Krazykoolrohit · Post by **Krazykoolrohit** » Fri Jul 14, 2006 3:32 pm

SOS roy.

chulett · Post by **chulett** » Fri Jul 14, 2006 3:43 pm

How did you guys manage this? Now we're all stuck inside Krazykoolrohit's world... help!

DSguru2B · Post by **DSguru2B** » Fri Jul 14, 2006 6:24 pm

I know, tell me about it.
Roy...Need you. Roy

ray.wurlod · Post by **ray.wurlod** » Sat Jul 15, 2006 4:38 am

Walter, more likely, our dear webmaster, is the one to fix this. Looks like the message board software has gone somewhat agley.

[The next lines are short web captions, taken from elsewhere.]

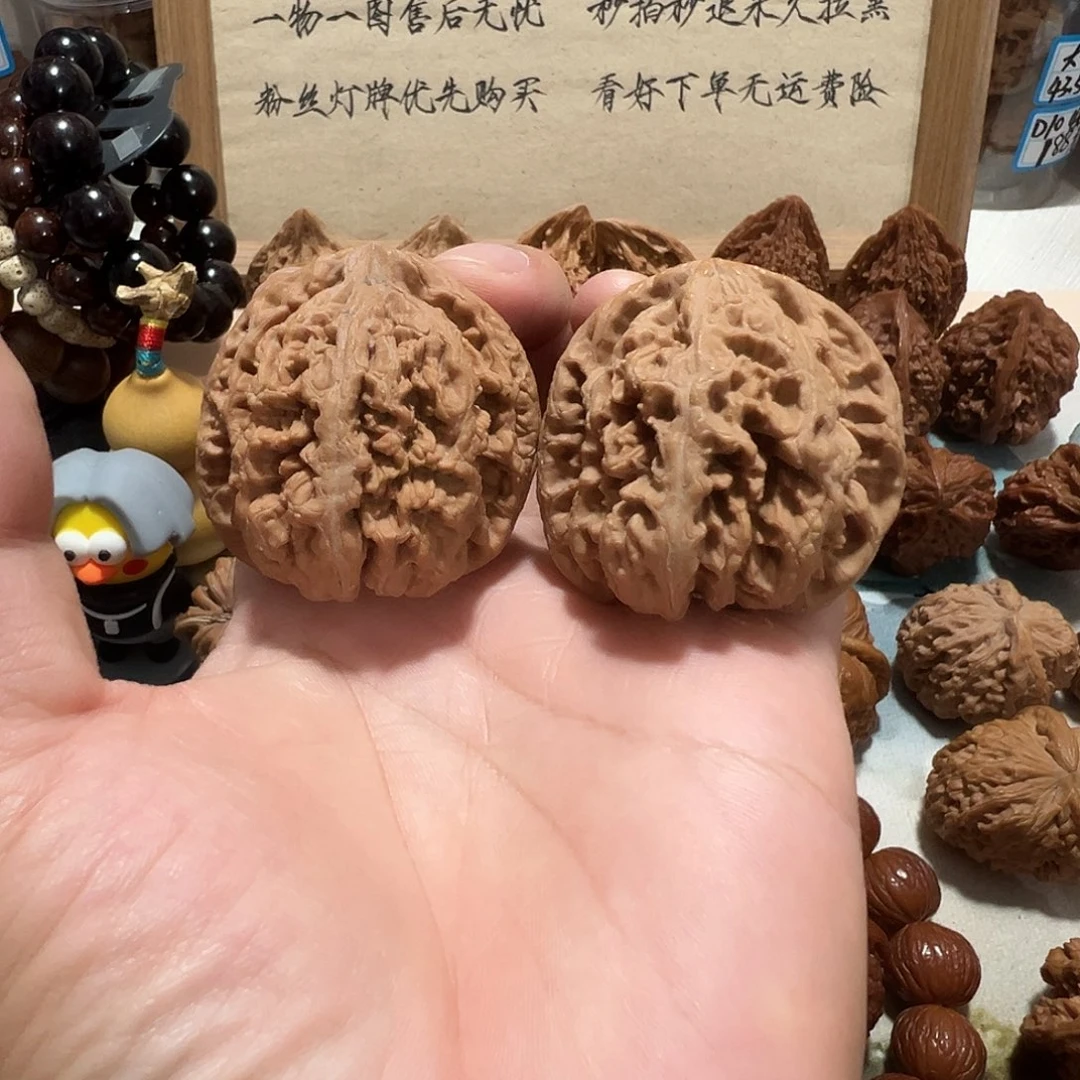 10号文玩核桃45.5尺大粗筋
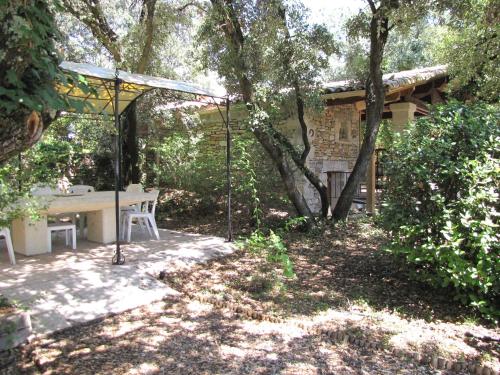 Градина, Domaine du bois gîte Marion (Domaine du bois gite Marion) in Galargues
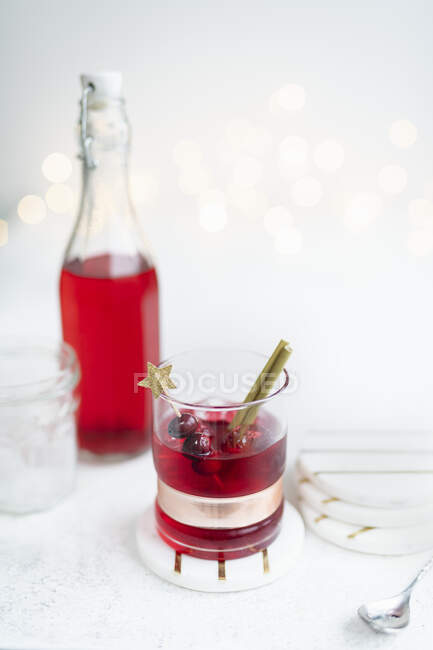 Beeren-Wodka mit Preiselbeeren in Glas und Flasche — Stockfoto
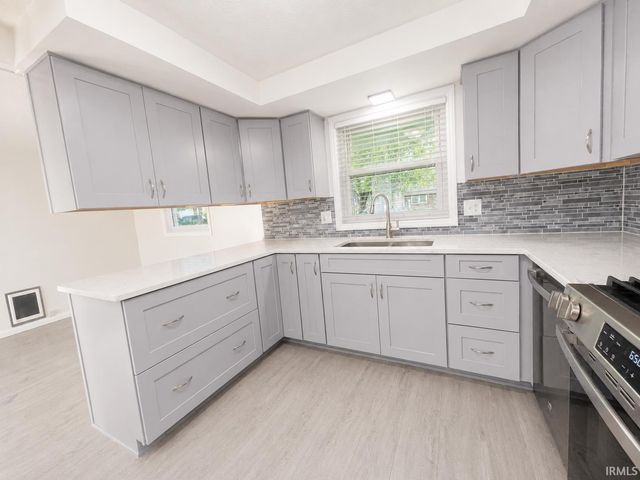 3516 Ivy League Drive, Fort Wayne, IN 46805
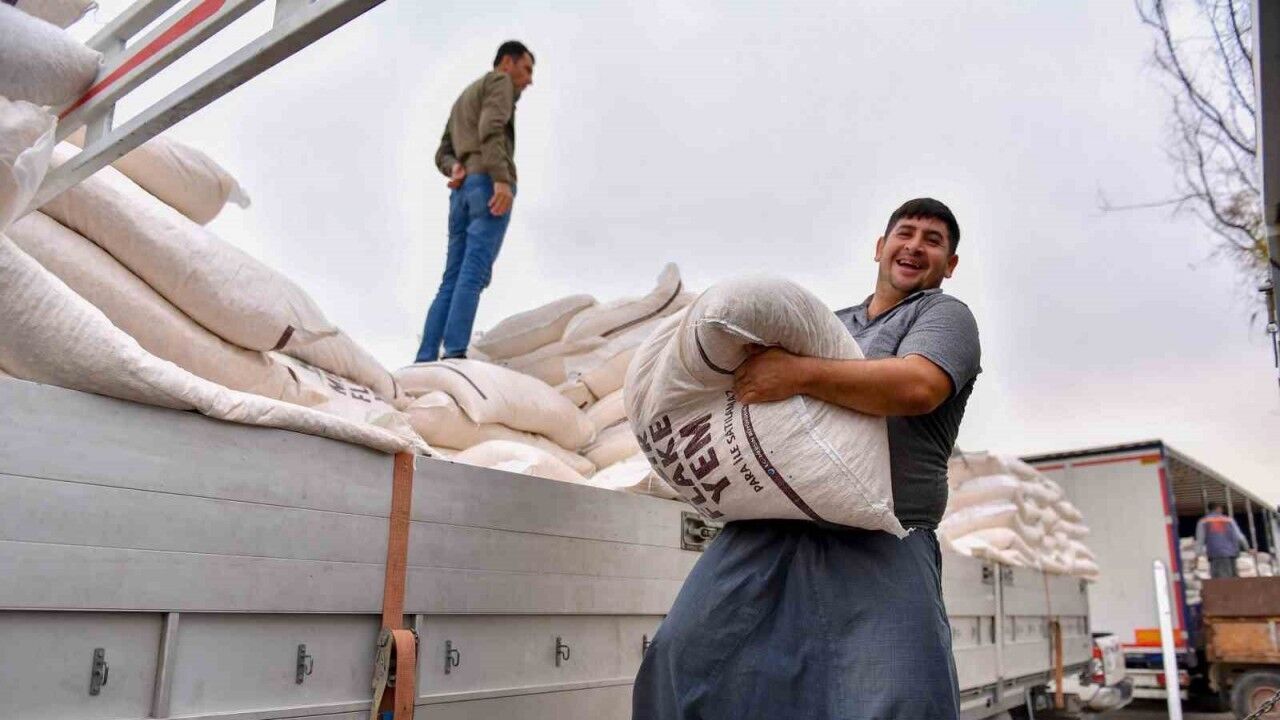 Mersin'de Büyükbaş Çiftçilere Mısır Flake Desteği Devam Ediyor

samit_9999 · Post by **samit_9999** » Mon Jul 17, 2006 8:30 am

Thank you DSGuru.

However the problem is much bigger.

I am selecting around 60 columns from some 4-5 Dimensional Views and i am almost at the rim of hitting the 64 Join Parser Limit.So i do not really wanna join to the same view once again .

Is there any option through DataStage that i can achieve the same results?

Krazykoolrohit · Post by **Krazykoolrohit** » Mon Jul 17, 2006 8:45 am

why dont you do all your joins at the database side and populate a final view. use datastage to extract data from there. would be much faster

DSguru2B · Post by **DSguru2B** » Mon Jul 17, 2006 8:52 am

Offcourse you can. Break the query into two.
Query1:

Code: Select all

select B.Region,sum(B.Sal)As Sal from table B group by Region

Since this query is at the Region level, it will retrieve lesser amount of rows as compared to the second query, load this into hashed file, keyed on Region.

Query2:

Code: Select all

select A.Region, A.Dept, Sum(A.Sal) As Dep_Sal_Total, Temp.Sal 
from table A 
group by A.Region, A.Dept, Temp.Sal

Query 2 will be your source. Do a lookup to the hashed file.
A NOT(LKUPLINK.NOTFOUND) is equivalent to an inner join

But then again, if datasize is massive, go for KrazyKoolRohit's suggestion.

samit_9999 · Post by **samit_9999** » Mon Jul 17, 2006 9:45 am

Thanks to all of u